FOX Sports NFL Writer

Broncos QB Russell Wilson was hit 17 times on Sunday. If you think that sounds like a lot, you’re right. It’s the most for any QB in a game this year. But not just this year.

No QB has taken more hits since Charlie Frye of the Browns and Steve McNair of the Ravens played on September 24, 2006. In that game, Frye took 19 QB hits and McNair took 18.

Keep in mind that the Titans were missing their best defensive player, Jeffery Simmons, on Sunday — as well as critical defensive players at the other two levels.

When we talk about a quarterback being hit 17 times, you likely would jump to blame the offensive line. I’m not going to do that. Why?

  • The NFL’s average time to throw this season is 2.6 seconds.
  • Russell Wilson took three hits and was not sacked when he threw the ball in 2.6 seconds or less.
  • But when Wilson held the ball forn longer than the NFL average time to throw, he took 14 hits and six sacks.

There were an absurd seven dropbacks on which he held onto the ball for over five seconds. And he was hit on six of the other seven. It was as if he was waiting until he was about to be hit before he threw the ball inaccurately at the last second.

On plays when Wilson held onto the ball for 3.5 seconds or longer, which he did on a ridiculous 18 dropbacks, he averaged -0.83 EPA/attempt, 11% success, 2.2 YPA and 36% completions (5-of-14). He took four sacks.

This is inexcusable. There is no way his receivers aren’t viable early targets on that many dropbacks. And it’s not as if the results of such plays were good. It’s hard to rationalize the fact that zero adjustments were made — whether by Russ mentally or by the team’s coaches — to get the ball out more quickly based on how the defense was playing Denver.

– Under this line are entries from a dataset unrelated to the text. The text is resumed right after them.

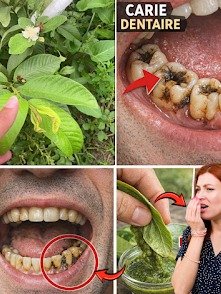 ¡No Más Caries! Descubre las 3 Maneras Asombrosas de Usar Hojas de Guayaba para una Salud Dental de Envidiable (Tu Sonrisa lo Notará)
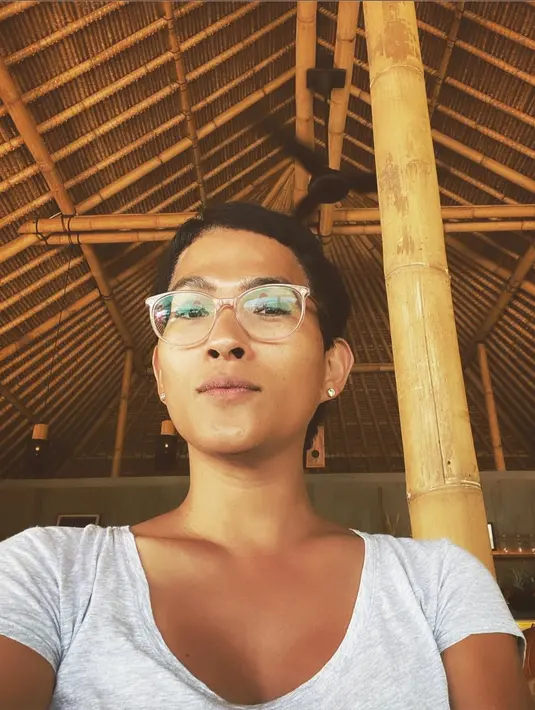 Saat itu, Oscar mengaku dirinya ditemani sang ibu. Ketika pertama kali membuka mata setelah dibius total, sosok pertama yang dilihat adalah ibyunya. (Foto: instagram.com/oscarlawalata)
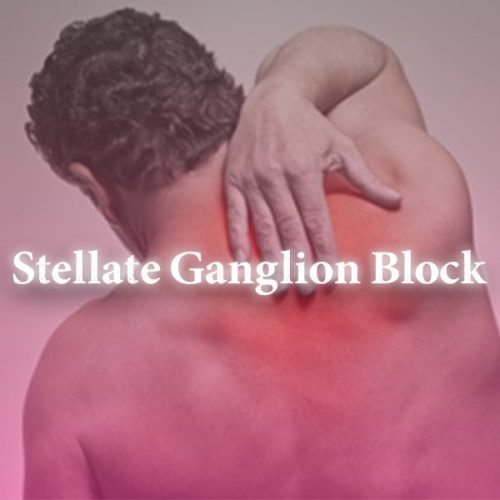 Stellate ganglion block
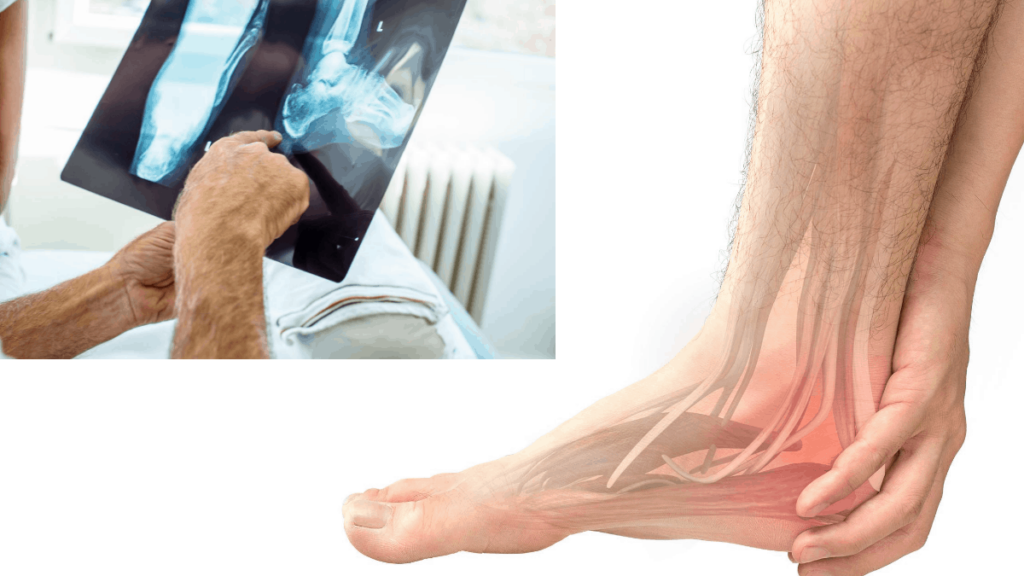 khắc phục đau gót chân tại nhà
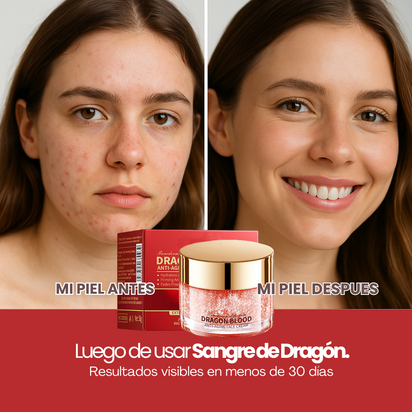 Pack Sangre de Dragón Serum + Crema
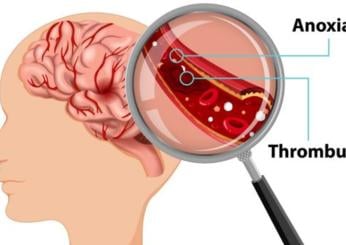 Cosa mangiare per prevenire un ictus? Ecco quali cibi scegliere e quanto spesso bisogna mangiare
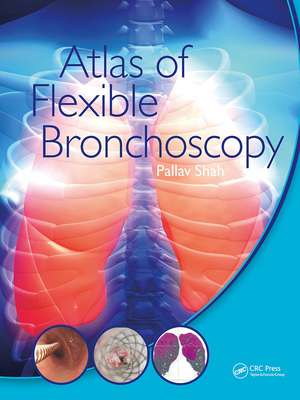 Atlas of Flexible Bronchoscopy de Pallav Shah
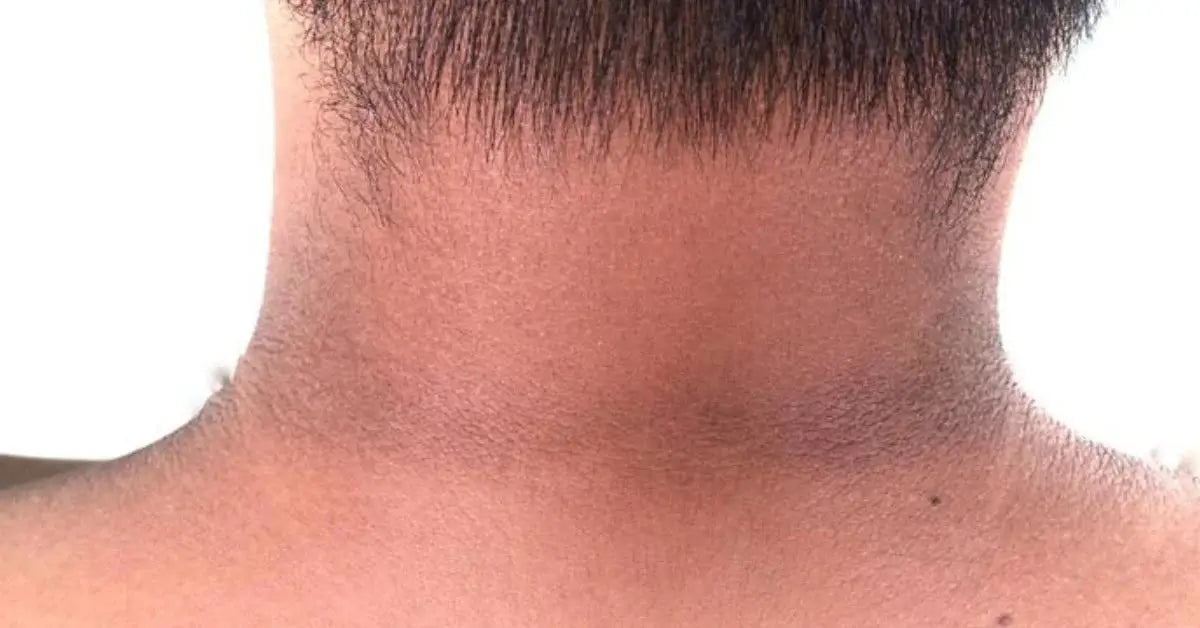 Whitening Cream for Neck: Achieve Even Skin Tone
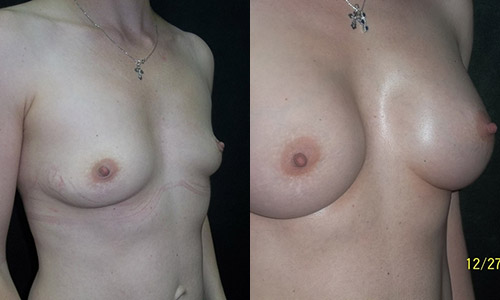 пациентка 1 до и после пластики груди, вид сбоку, хирург Алексанян Тигран Альбертович
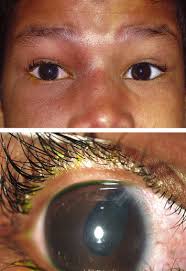 Intraocular Pressure Change in Orbital Disease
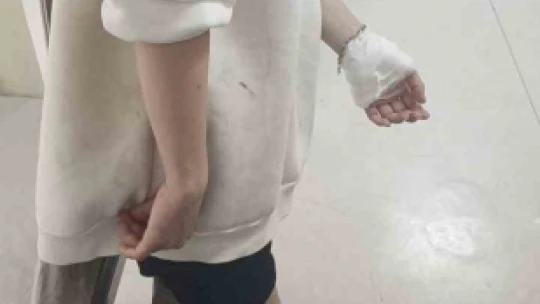 Sokak köpeklerinin saldırısına uğrayan 17 yaşındaki kız yaralandı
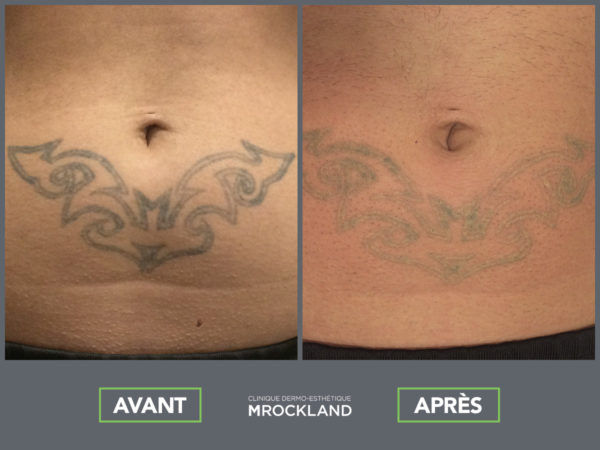 Détatouage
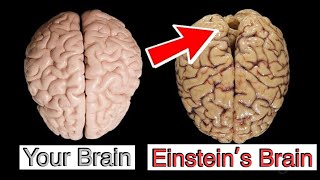 How Einsteins Brain was Different [upl. by Sigler]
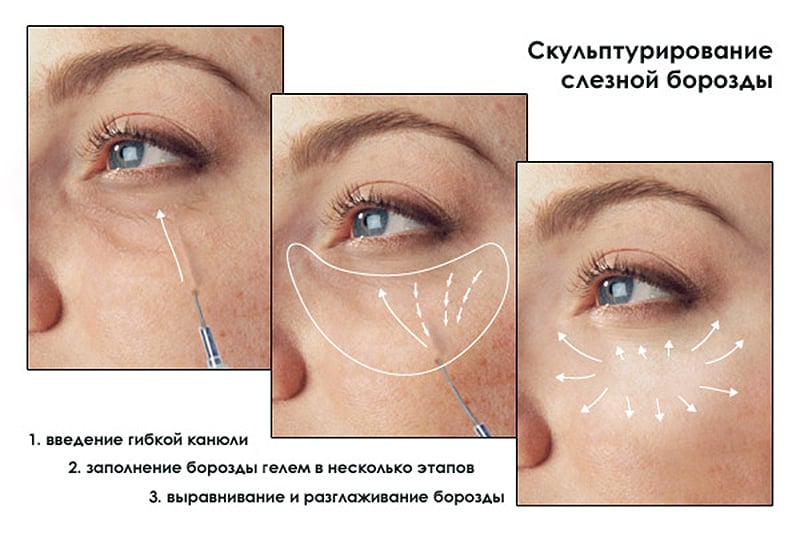 Схема коррекции лица филлерами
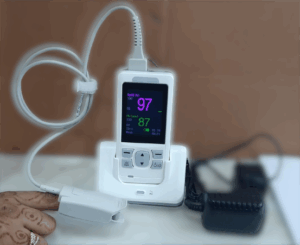 SM80 Handheld SPO2 Monitor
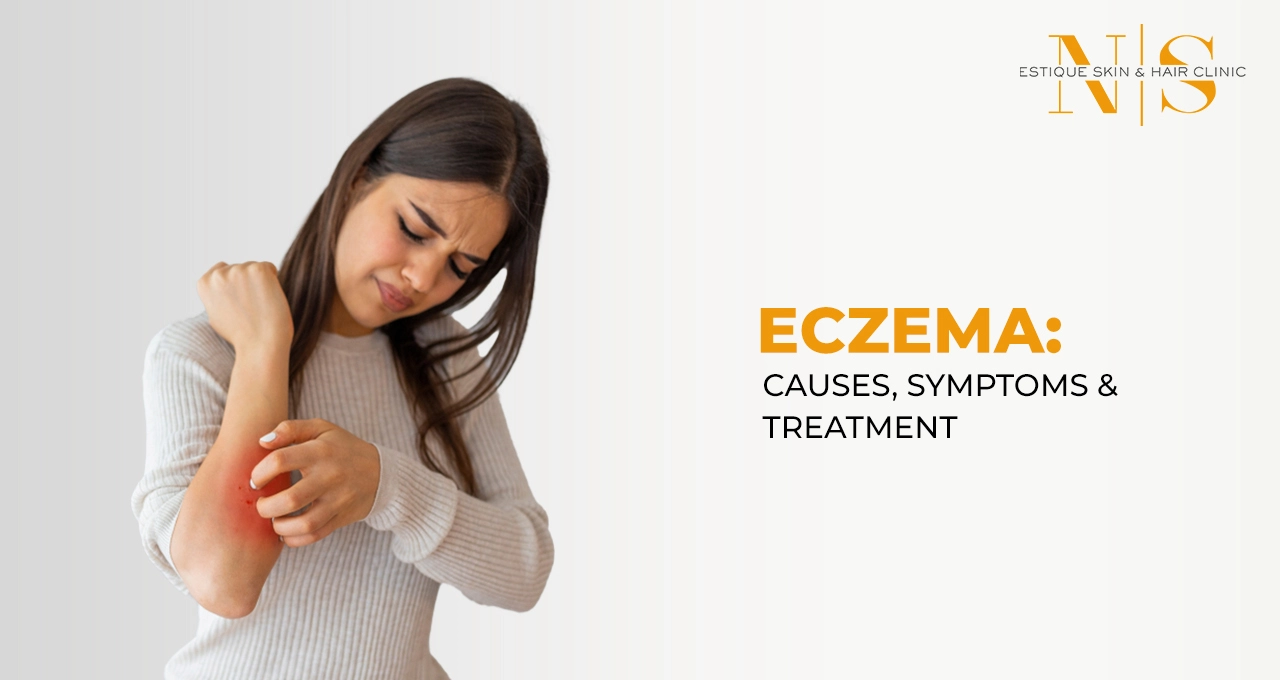 Eczema: Causes, Symptoms & Treatment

Russell Wilson is one of the biggest losers of Week 10

Russell Wilson is one of the biggest losers of Week 10

Craig Carton takes a look at some of the biggest duds from Sunday’s slate of NFL games. Carton talks to Nick Mangold and James Jones about why Russell Wilson is having a rough season after the Denver Broncos suffer yet another one-score loss, this time against the Tennessee Titans.

The Browns’ missed opportunity

In many cases, we approach games with the assumption of rational coaching when we try to anticipate their outcomes.

The Miami Dolphins had the NFL’s No. 7 run defense. They ranked 31st vs. the pass, despite playing the ninth-easiest schedule of passing offenses headed into this game.

And yet the Cleveland Browns ran the ball on 50% of their first-half first downs.

These runs generated -0.37 EPA (expected points added) per attempt, a 17% success rate and 1.8 YPC.

Meanwhile, passes on these downs gained +0.59 EPA/attempt, 60% success and 11.3 YPA.

  • All early-down passes in the first half produced 8.3 YPA and +0.17 EPA/att.
  • All early-down running back runs in the first half produced 2.8 YPC and -0.70 EPA/carry.

And yet the Browns passed the ball at just a 57% clip.

It’s not as if the Dolphins run defense ranked seventh against the run but was bad of late. In Week 9, they held the Bears running backs to -0.29 EPA/attempt and 2.9 YPC on early down runs.

It’s not as if the Browns, even if they missed this in two weeks of prep, couldn’t have seen it a few plays into the game.

On early downs in the Browns’ first two drives of the game, here were the results:

  • QB passes: +0.16 EPA/attempt, 9.5 YPA, 1 TD, 83% completions on 6 attempts
  • RB rushes: -1.07 EPA/attempt, 2.8 YPC, 1 fumble lost on 5 carries

This is nearly an even split and the results weren’t even close. The Browns not pivoting strongly to pass the ball cost them the game.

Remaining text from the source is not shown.